No chocolate milk? No problem—kids get used to plain milk
A new study by the Rudd Center for Food Policy and Obesity at the University of Connecticut has found that most students adjust to drinking plain milk after flavored milk is removed from school lunch menus.
Flavored milk served in the National School Lunch Program contains up to 10 grams of added sugar per serving, which is 40 percent of a child's daily allowance of added sugar. Given the nation's key public health target of limiting added sugars in children's diets, flavored milk has come under scrutiny in the context of school nutrition.
The study measured plain milk selection and consumption in the years after flavored milk was removed in two schools. During the first year without flavored milk, 51.5 percent of students selected plain milk. Two years later, 72 percent of students selected plain milk.

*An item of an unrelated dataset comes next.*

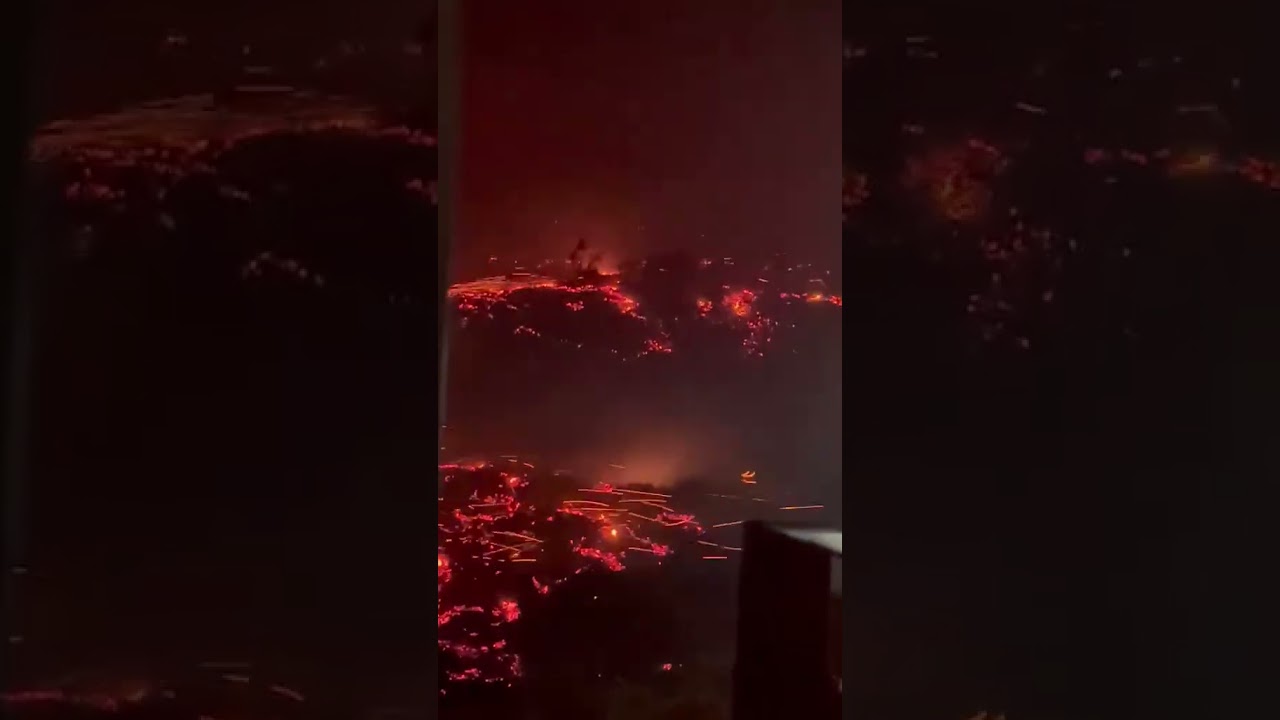Gamekeepers Fight Crowden Wildfire Through the Night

Both years, student selection and consumption of plain milk dropped significantly on days when 100 percent fruit juice was also available.
"The decision to remove flavored milk has both nutritional benefits and potential costs. It is clearly an effective way to lower student intake of added sugars at lunch, and over time, the majority of students will switch to plain milk," said Marlene Schwartz, professor of human development and family studies, director of the UConn Rudd Center, and lead author of the study. "However, there will always be some students who don't like plain milk. The challenge is finding a way to meet their dietary needs by providing other nutrient-rich options at lunch."
The study, published July 14 in the Journal of the Academy of Nutrition and Dietetics, has implications for school nutrition policy and efforts to reduce added sugars in children's diets.
The study was conducted in two elementary (K-8) schools in an urban New England school district during the 2010-2011 and 2012-2013 school years. Researchers assessed the selection and consumption of milk immediately after flavored milk was removed in the 2010-2011 school year, and two years later in the 2012-2013 school year.
The selection and consumption of milk were compared on days when 100 percent fruit juice was offered and not offered. The average number of students in the lunch line when data was collected was 369 in one school, and 391 in the other school.
The study's key findings show:
- The first school year after flavored milk was removed, 51.5 percent of students selected milk and drank 4 ounces per carton, indicating school-wide per-student consumption of 2.1 ounces.
- Two years later, 72 percent of students selected milk and drank 3.4 ounces per carton, significantly increasing the school-wide per-student consumption to 2.5 ounces.
- Older students and boys consumed significantly more milk.
- The availability of 100 percent fruit juice at lunch was associated with a significant decrease in students selecting milk and lower milk consumption per carton throughout the years of the study.
"On days when schools had 100 percent juice, milk selection dropped considerably," Schwartz said. "To maximize student nutrition, the best combination may be to offer plain milk and whole fruit every day."